There are two major methods of intentionally affecting inherent stresses in springs at the state of the art, specifically setting and ball bombardment. They modify the inherent-stress distribution primarily in a specific cross-sectional areas associated with the particular method. Setting, or plasticizing, means the initial subjection to load of a spring once shaped and treated whereby the material's flow threshold is exceeded in some areas of the spring's cross-section in accordance with the type of spring and stress.
The ratio between the plasticized cross-sectional area and the overall cross-section is called the degree P of plasticization. It dictates in conjunction with the material-specific flow threshold the level and distribution of the inherent stresses induced by the setting operation.
Locally demarcated alteration of the flow threshold provoked by the prescription for a specific gradient of strength or temperature in the spring's cross-section during the setting operation can accordingly be used to modify both the level and distribution of inherent stress in the sense of optimization.
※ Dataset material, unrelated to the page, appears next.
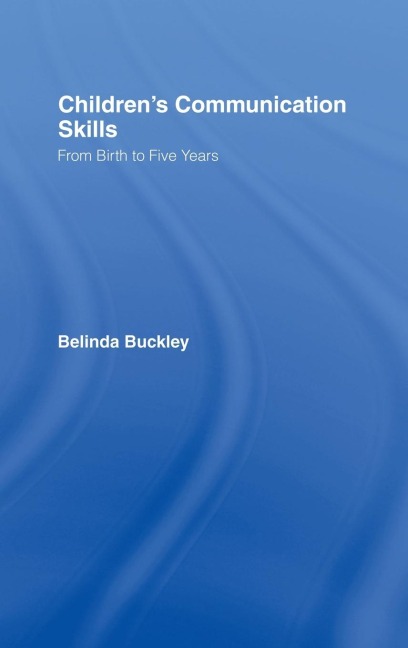Children's Communication Skills - Belinda Buckley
Whereas the inherent stresses are subjected to directional modifications over the total cross-section depending on the type of stress, monaxial during bending or biaxial during torsion, and on the direction of stress, specifically tension or compression, during setting, the area affected by ball bombardment is essentially restricted to the marginal areas near the surface, whereby an orthogonal distribution of stress is produced in the outer layer independent of the type of spring or stress.
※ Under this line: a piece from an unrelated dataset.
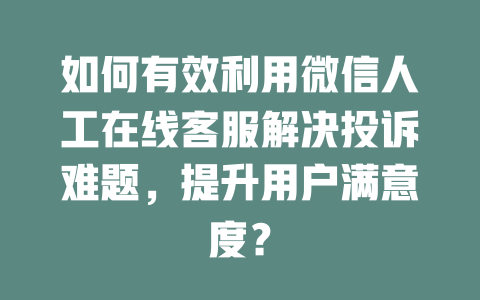 如何有效利用微信人工在线客服解决投诉难题，提升用户满意度？-在线客服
U.S. Pat. No. 2,608,752 describes, with a single-leaf spring as an example, a method whereby the tension side of the spring is stressed (60-100% R.sub.e) and bombarded with balls. The method has been introduced into practice as "stressed bombardment", and many versions are now being employed worldwide for single-leaf and parabolic springs.
Machinery and devices for bombarding leaf springs and various versions of the method are described in U.S. Pat. No. 3,094,768 and GB Patent 959 801.
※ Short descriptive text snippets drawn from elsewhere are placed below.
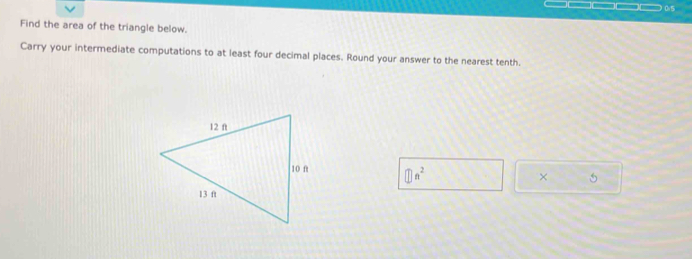 Find the area of the triangle below. 
Carry your intermediate computations to at least four decimal places. Round your answer to the nearest tenth. 
① n²
× 5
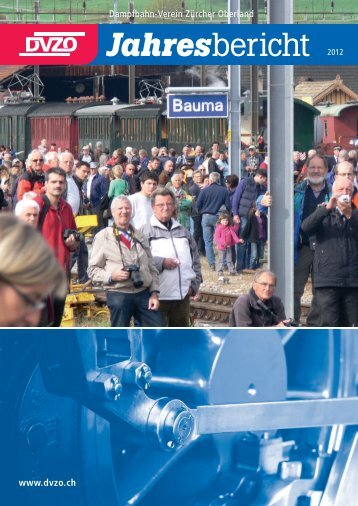 Download Â«DVZO Jahresbericht 2012 - Dampfbahn-Verein ZÃ¼rcher ...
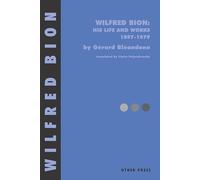 Wilfred Bion: His Life and Works: His Life and Works 1897-1979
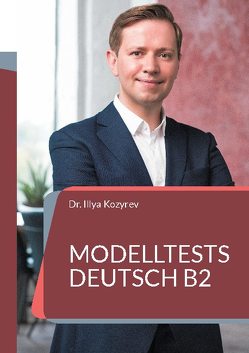 Modelltests Deutsch B2 von Kozyrev,  Illya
An alternative to stressed bombardment that achieves a similar effect without the drawback of relatively major distortion is the bombardment method described in U.S. Pat. No. 3,205,556, whereby leaf springs are bombarded with balls while unloaded (without being tensioned that is) but at high temperatures (150.degree.-350.degree. C.). This "heated bombardment" has not as yet been successful in practice. One reason is that recent developments make it possible to compensate for the more severe distortions that accompany stressed bombardment simply by modifying the bending tool. Another is that heated bombardment does not as a rule extend the life of the spring to that extent that stressed bombardment does.
Common to all the publications hereintofore cited is that the fields of application they describe by way of example strictly relate to leaf springs that are essentially stressed monaxially.
Valid predictions as to life extension cannot, especially considering the sequence of individual operations in conjunction with optimization of the inherent-stress distribution, be applied to torsionally stressed springs without taking the essentially biaxial stress into consideration.
Setting followed by bombardment of helical compression springs, however, is known from the 1987 Hoesch Hohenlimburg AG publication "Warmgeformte Federn".